The success of the discounted extra-large eggs helped buoy Coulombe’s stores, and eventually allowed him to embark on his path to grocery-business notoriety. A few years later, he used the financial resources and customer insights that he’d acquired through Pronto Markets to start Trader Joe’s, a grocery store known for its seemingly irreconcilable characteristics: high-quality, health-minded foods self-branded and sold at bargain prices. Coulombe would build an empire rooted in small-scale cleverness and common sense, exploiting loopholes and product discontinuations, zigging where others zagged, and turning the rest of the grocery business’s trash into treasure for Trader Joe’s.

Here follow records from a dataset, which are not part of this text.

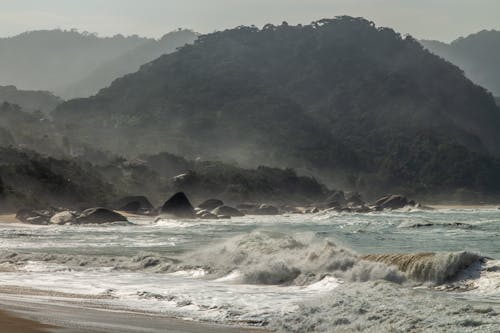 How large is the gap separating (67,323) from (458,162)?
13845cm

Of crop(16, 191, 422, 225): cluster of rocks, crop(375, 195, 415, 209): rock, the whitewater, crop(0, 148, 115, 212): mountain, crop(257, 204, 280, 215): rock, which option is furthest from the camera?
crop(375, 195, 415, 209): rock

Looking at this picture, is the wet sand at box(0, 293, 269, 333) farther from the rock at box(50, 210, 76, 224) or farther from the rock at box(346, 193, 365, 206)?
the rock at box(346, 193, 365, 206)

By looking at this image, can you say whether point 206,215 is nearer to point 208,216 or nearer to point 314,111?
point 208,216

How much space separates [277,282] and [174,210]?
41843 mm

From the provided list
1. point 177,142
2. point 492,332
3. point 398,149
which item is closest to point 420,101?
point 398,149

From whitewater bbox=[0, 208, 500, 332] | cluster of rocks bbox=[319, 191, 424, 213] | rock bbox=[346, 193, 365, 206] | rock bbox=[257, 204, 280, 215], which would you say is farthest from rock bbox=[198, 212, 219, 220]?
rock bbox=[346, 193, 365, 206]

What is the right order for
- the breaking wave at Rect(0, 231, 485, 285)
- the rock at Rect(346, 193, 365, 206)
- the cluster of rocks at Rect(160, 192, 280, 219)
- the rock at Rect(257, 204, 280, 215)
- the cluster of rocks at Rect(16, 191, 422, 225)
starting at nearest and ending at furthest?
the breaking wave at Rect(0, 231, 485, 285) < the cluster of rocks at Rect(16, 191, 422, 225) < the cluster of rocks at Rect(160, 192, 280, 219) < the rock at Rect(257, 204, 280, 215) < the rock at Rect(346, 193, 365, 206)

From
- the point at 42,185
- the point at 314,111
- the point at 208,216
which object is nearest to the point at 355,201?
the point at 208,216

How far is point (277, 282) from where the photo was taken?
2002cm

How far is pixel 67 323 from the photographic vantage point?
44.5 ft

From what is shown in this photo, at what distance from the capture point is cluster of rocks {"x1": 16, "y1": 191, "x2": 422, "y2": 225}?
50.1 m

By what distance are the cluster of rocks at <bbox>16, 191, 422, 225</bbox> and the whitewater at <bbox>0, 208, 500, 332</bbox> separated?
18945 mm

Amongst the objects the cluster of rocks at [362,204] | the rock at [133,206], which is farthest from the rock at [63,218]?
the cluster of rocks at [362,204]

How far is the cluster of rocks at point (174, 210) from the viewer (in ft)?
164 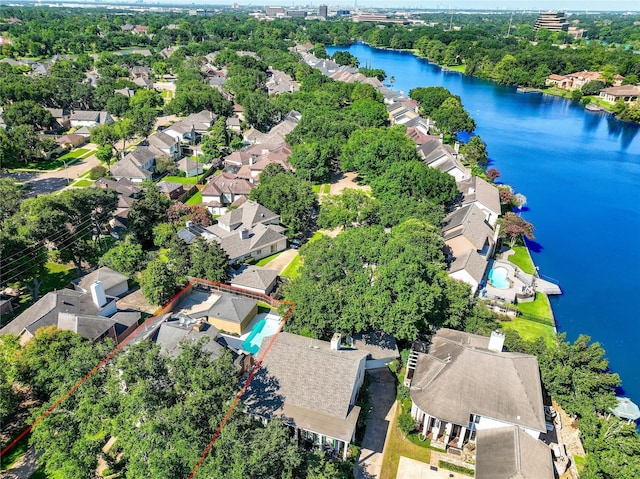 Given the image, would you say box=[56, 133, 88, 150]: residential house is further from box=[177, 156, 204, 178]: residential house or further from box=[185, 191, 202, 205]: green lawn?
box=[185, 191, 202, 205]: green lawn

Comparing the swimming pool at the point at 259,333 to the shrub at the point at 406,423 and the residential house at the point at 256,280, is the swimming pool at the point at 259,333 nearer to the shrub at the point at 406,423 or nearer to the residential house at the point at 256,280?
the residential house at the point at 256,280

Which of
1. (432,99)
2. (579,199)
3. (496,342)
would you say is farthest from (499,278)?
(432,99)

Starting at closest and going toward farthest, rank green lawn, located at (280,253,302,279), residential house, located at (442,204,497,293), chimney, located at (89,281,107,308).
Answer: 1. chimney, located at (89,281,107,308)
2. residential house, located at (442,204,497,293)
3. green lawn, located at (280,253,302,279)

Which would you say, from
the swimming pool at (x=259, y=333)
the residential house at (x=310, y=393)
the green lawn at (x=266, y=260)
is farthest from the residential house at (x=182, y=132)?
the residential house at (x=310, y=393)

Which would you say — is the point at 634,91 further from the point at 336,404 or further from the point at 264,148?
the point at 336,404

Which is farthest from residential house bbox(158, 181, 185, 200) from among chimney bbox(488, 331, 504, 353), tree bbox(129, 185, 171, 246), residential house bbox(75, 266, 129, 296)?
chimney bbox(488, 331, 504, 353) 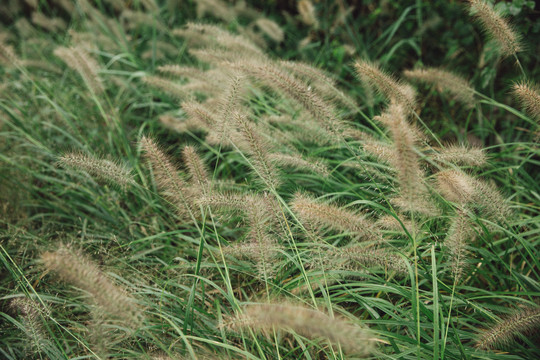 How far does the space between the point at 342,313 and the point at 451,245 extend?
597mm

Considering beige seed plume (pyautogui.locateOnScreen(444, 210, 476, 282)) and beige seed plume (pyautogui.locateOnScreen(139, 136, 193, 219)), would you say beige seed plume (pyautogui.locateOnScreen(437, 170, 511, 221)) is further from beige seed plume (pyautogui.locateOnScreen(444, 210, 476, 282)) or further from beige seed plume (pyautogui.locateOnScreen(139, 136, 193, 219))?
beige seed plume (pyautogui.locateOnScreen(139, 136, 193, 219))

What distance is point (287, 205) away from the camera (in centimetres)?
211

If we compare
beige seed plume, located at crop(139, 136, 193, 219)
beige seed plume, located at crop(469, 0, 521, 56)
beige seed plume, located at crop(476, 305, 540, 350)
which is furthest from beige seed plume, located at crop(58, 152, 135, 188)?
beige seed plume, located at crop(469, 0, 521, 56)

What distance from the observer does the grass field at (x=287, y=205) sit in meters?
1.55

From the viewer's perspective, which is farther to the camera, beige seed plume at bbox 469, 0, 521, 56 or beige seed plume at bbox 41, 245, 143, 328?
beige seed plume at bbox 469, 0, 521, 56

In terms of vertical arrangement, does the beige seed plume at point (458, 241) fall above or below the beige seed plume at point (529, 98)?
below

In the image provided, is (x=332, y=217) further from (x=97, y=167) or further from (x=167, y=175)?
(x=97, y=167)

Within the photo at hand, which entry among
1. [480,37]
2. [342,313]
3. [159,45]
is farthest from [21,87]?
[480,37]

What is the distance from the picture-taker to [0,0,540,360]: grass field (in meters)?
1.55

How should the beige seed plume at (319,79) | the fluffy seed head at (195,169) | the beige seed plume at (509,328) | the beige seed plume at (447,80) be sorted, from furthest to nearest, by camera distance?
the beige seed plume at (447,80) < the beige seed plume at (319,79) < the fluffy seed head at (195,169) < the beige seed plume at (509,328)

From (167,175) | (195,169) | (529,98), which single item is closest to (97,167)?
(167,175)

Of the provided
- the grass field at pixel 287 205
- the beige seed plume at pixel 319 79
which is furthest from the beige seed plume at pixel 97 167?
the beige seed plume at pixel 319 79

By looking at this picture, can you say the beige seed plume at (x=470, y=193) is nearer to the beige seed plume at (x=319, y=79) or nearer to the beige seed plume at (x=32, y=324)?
the beige seed plume at (x=319, y=79)

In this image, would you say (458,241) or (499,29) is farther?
(499,29) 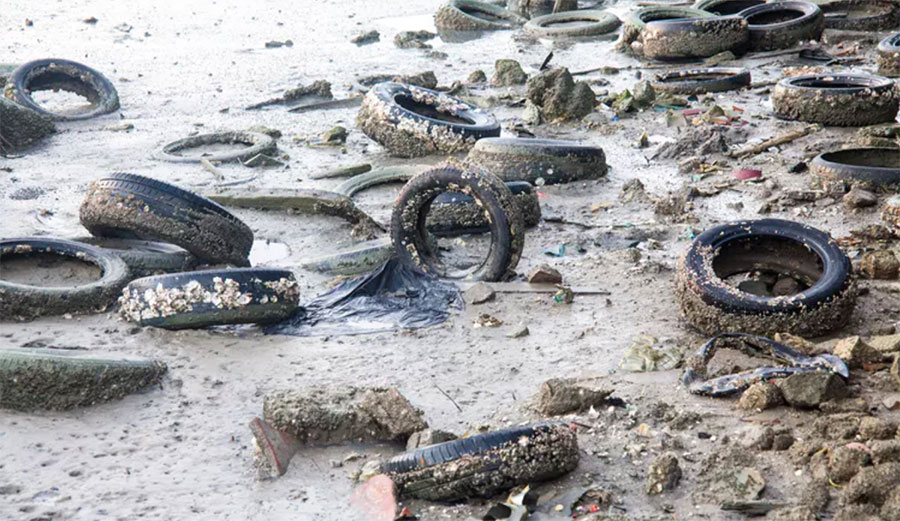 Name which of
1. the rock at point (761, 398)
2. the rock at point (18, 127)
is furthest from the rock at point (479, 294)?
the rock at point (18, 127)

Coulombe, who died last February, at the age of eighty-nine, was one of the very few business leaders who could make minor discounts on the price of eggs feel monumental on the page. He tells plenty of these kinds of fun-fact-laden business tales in “
Becoming Trader Joe: How I Did Business My Way and Still Beat the Big Guys,” an unusually colorful and sensible business guide that refuses to glamorize entrepreneurship. Coulombe insists that success in business hinges not on the mind of a visionary leader or anticipating a technological disruption but on more mundane and hard-earned factors: ruthless product knowledge, respect for employees, plenty of good luck, and a deep understanding of complex legislation. (“We had found a loophole in the law, and by God we drove a truck through it!” Coulombe writes.)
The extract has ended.